After you run this on your SQL Server you should get an output similar to this:
output
Now copy the entire resultset from SSMS into a text file. At the bottom of the file enter a carriage return and write “PAUSE”. This will cause the CMD window to wait when the batch file finishes executing so that you can see if there are any errors.
Then save your text file and rename the extension to “.bat” so that you can run it as a batch file and copy this batch file to the directory that you entered for <Working Directory> above.
Step # 2: Compare your tables
Now run the batch file by double-clicking on it. As it starts running, you should see the output file appear in your working directory and it will contain the output of the comparisons. Note that this can take some time for large databases because the script is comparing table per table and row-per row. So go get a coffee while this runs but don’t get a beer yet because you’ll still need your brain cells if you find some differences :).
Step # 3: Check the tablediff.exe output
Once the batch file has run, open the output file and you will see any differences listed. If the file contains only lines that say the following that means that there is no difference:
Table [Navision].[dbo].[TB_Screen] on 10.37.29.666 and Table [Navision].[dbo].[TB_Screen] on CC90Navision.cmsq1l7xxxnh.us-east-1.rds.amazonaws.com are identical.
If there is a difference you will see something like this:
Table [Navision].[dbo].[TB_Screen] on 10.37.29.666 and Table [Navision].[dbo].[TB_Screen] on CC90Navision.cmsq1l7xxxnh.us-east-1.rds.amazonaws.com have 32 differences.

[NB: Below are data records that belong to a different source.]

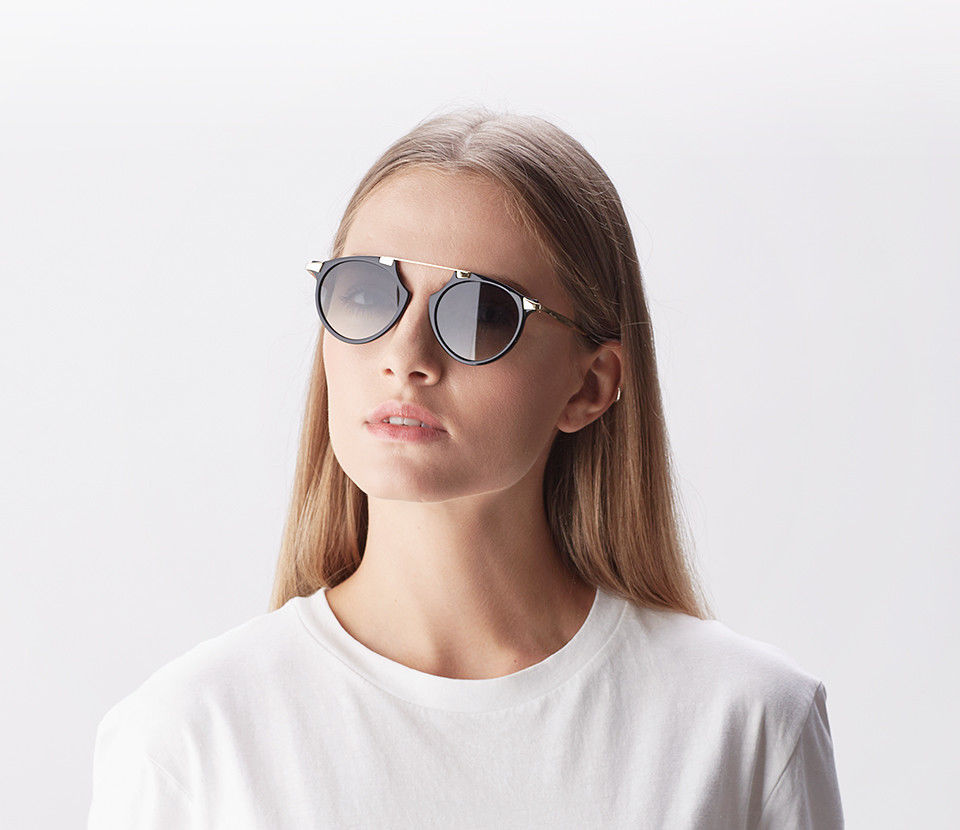 Lunettes De Soleil Bobsdrunk ADA/S 213 – Monture Bleu Clair Transparent – Taille 53/18/145 – Neuf Avec étiquettes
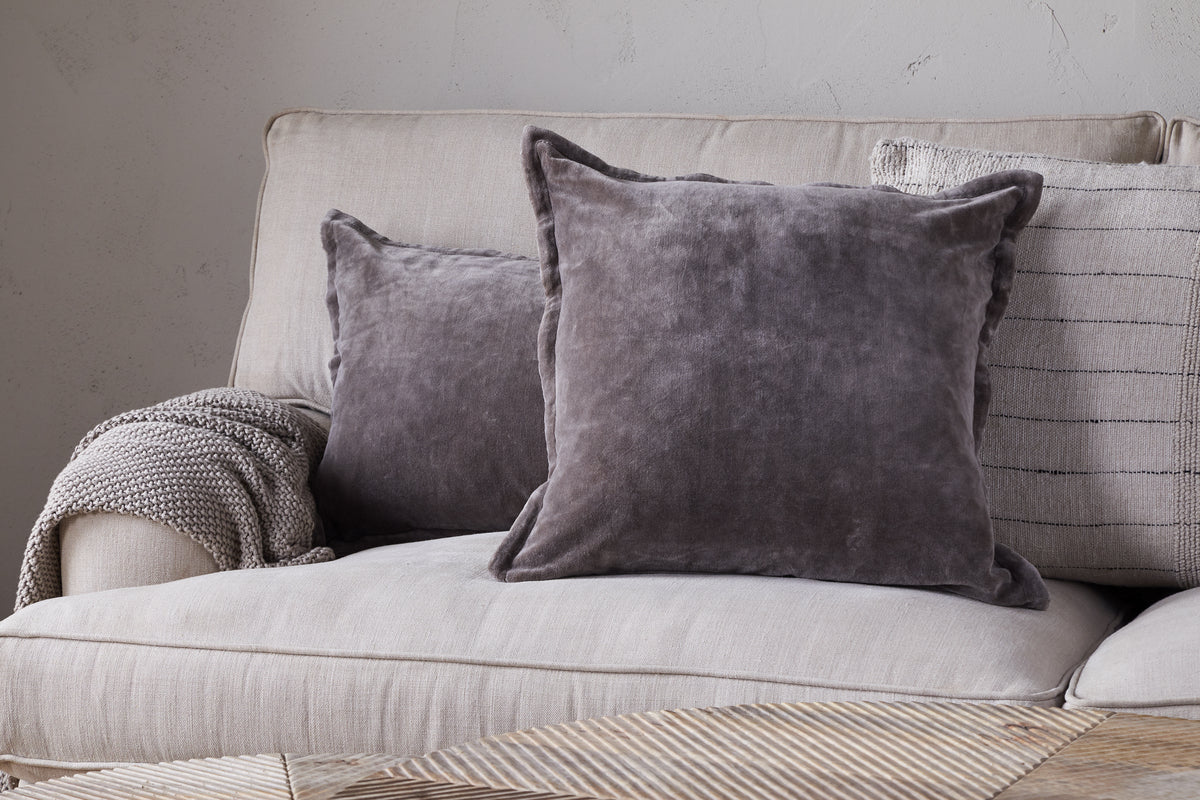 Housse de coussin en velours Dhara - Anthracite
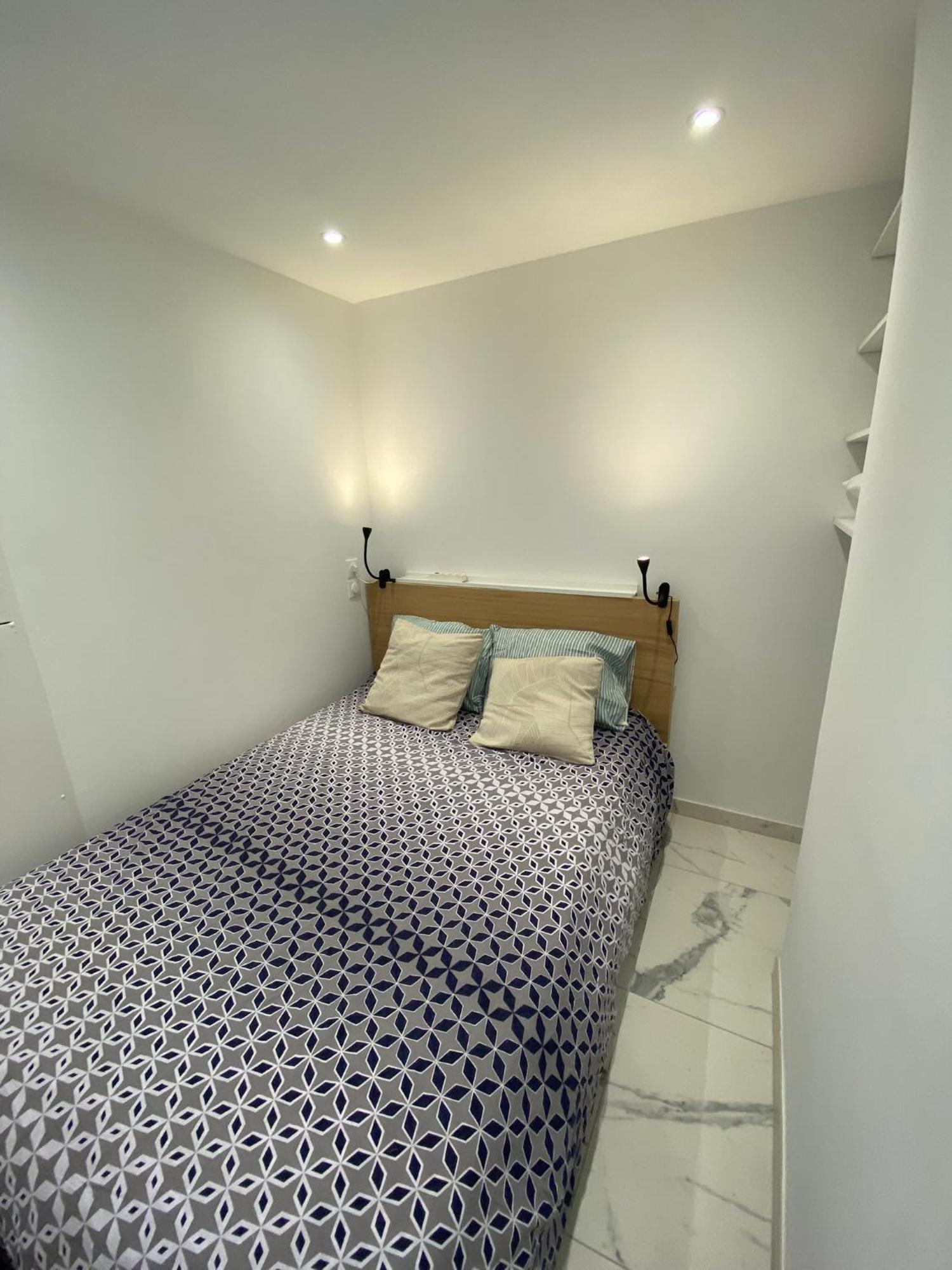Appartement Face Mer Et Port Santa Lucia Climatise Et Wifi Saint-Raphaël Eksteriør bilde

Then this means that something went wrong during the migration and the tables contents are not the same. See point 4 below for information on syncing different tables. Tablediff.exe will also tell you if the tables are not the same, for example, if the table in your source has fewer fields than it does in your destination.
Troubleshooting Tips
- If you have tables without a primary key (PK) then tablediff.exe will not be able to compare them. There are two workarounds to this:
- You could create a PK temporarily and drop it after the comparison.
- If the tables are small you can do a manual compare by copying the data into Excel.
- Try to avoid passwords with single or double quotes because it can cause errors when the tablediff.exe command is generated.
- When you run the generation script in SSMS, make sure it is all on one line with no carriage returns as I have already mentioned above.
- Tablediff.exe has a lot of options which can be seen in the documentation. For example, it can generate a SQL script to synchronize table differences or you can change the timeout setting which is sometimes needed if you are connecting across a slow link.
I would highly recommend that you run a baseline on your SQL Server before migrating to RDS. Performance problems in the cloud are not uncommon because of the shared infrastructure. If you run a baseline beforehand you will have a reference point and will be able to find the root cause of performance problems much more quickly.